I would say that the priority of business spend agility and spend control tends to get elevated on the list of digital transformation initiatives…in times like these.

Of more cheer to Wall Street yesterday was a 50% year-on-year growth rate at the spend management leader. For the full year. total revenues were $389.7 million, while subscription revenues were $345.3 million, an increase of 48% year-on-year. GAAP operating loss was $73.4 million, compared to a loss of $47.4 million for the previous year. For Q4, total revenues were $111.5 million, up 49% year-on-year, while subscription revenues were $98.6 million, an increase of 46%. GAAP operating loss was $15.9 million, compared to a loss of $14.7 million for the same period last year.

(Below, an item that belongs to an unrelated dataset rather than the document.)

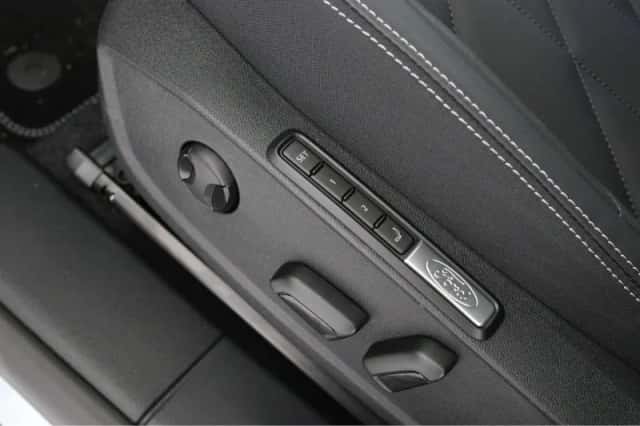 Ford Explorer (2026) thumbnail 11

The firm ended the year with north of 1300 customers worldwide. Q4 new customers included American Signature, AstraZeneca, Blue Sphere of Singapore, BMW Group, Brex, Fox Corporation, Grupo PLANETA, John Lewis Partnership, Lucid Energy Group, Orangetheory Fitness, Quilter, Shinsei Bank, Skyservice Business Aviation, The University of Texas System and Wintershall Dea.

CEO Rob Bernshteyn picked out some customer exemplars to illustrate the global nature of the spend management business case:

In North America, United Airlines, one of the world's largest and best known airlines has recently gone live with Coupa BSM. With Coupa, United is providing its employees an efficient intuitive user experience that gives them more time to serve their customers while delivering control and visibility of third-party spend. Within the first three months, United has 2.5 times the amount of spend going through Coupa compared to the previous 12 months with their legacy system. They now have spend visibility, spend agility and spend control.

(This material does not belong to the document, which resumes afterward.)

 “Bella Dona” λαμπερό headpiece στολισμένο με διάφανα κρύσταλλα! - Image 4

In Europe, Telia Company, a new generation telco, is providing communication services to help millions of people be connected, communicate, do business and be entertained. Telia recently replaced seven systems and fragmented manual processes with Coupa. In addition to enhancing value from suppliers, improving costs and optimizing cash flow, Coupa is helping Telia work towards its sustainability goals of achieving zero CO2 and zero waste within its operations and across its entire supply chain by 2030.

In South America, let me highlight Braskem, the largest producer of thermoplastic resins in the Americas and of polypropylene in the United States. We recently went live with Coupa BSM for both direct and indirect purchases. With Coupa, Braskem has seen rapid user adoption and within the first four months, they've successfully completed more than 8,000 sourcing events covering services, raw materials and maintenance.

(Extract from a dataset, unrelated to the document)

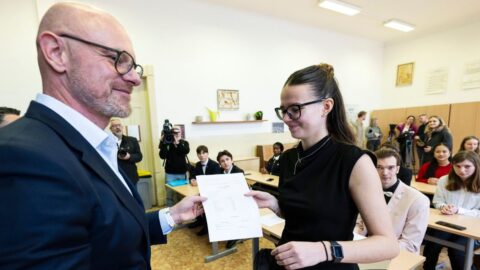 Ve školách by se mělo uplatňovat slovní hodnocení v kombinaci se známkami, míní Plaga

[In] Australia, Volkswagen Group Australia, known as VGA, is the sole importer and distributor of Volkswagen passenger and commercial vehicles in Australia, which also includes top brands such as Skoda. VGA recently went live with the comprehensive Coupa platform and they're now gaining deeper visibility into their spend, while maintaining sustainable controls around budgets and delivering a great user experience. VGA is leveraging Coupa to maximize pre-approved contract back spend and to electronically exchange POs and invoices with their consolidated supplier base. VGA is also using Coupa to achieve automation and efficiencies with invoicing, contract lifecycle management and supplier management while using analytics to report on all these areas within Coupa.

The Co-op case in point 

Bernshteyn also drilled down a specific example of Coupa’s ‘wisdom of the crowds’ Community Intelligence initiative in action: 

The Co-op is one of the world's largest customer co-operatives, driving value from millions of members and employing 70,000 people. The Co-op supplies food, insurance, legal services and even funeral services to local communities, through more than 2,500 stores in the UK. In 2018, The Co-op launched Fuel for Growth, a strategic initiative to reduce costs in order to fund an ambitious growth agenda called Stronger Co-Op, Stronger Community. The success of this initiative hinged on creating a leaner and more agile operating model. For this, they turned to Coupa to identify what would drive the greatest process improvements across its BSM activity.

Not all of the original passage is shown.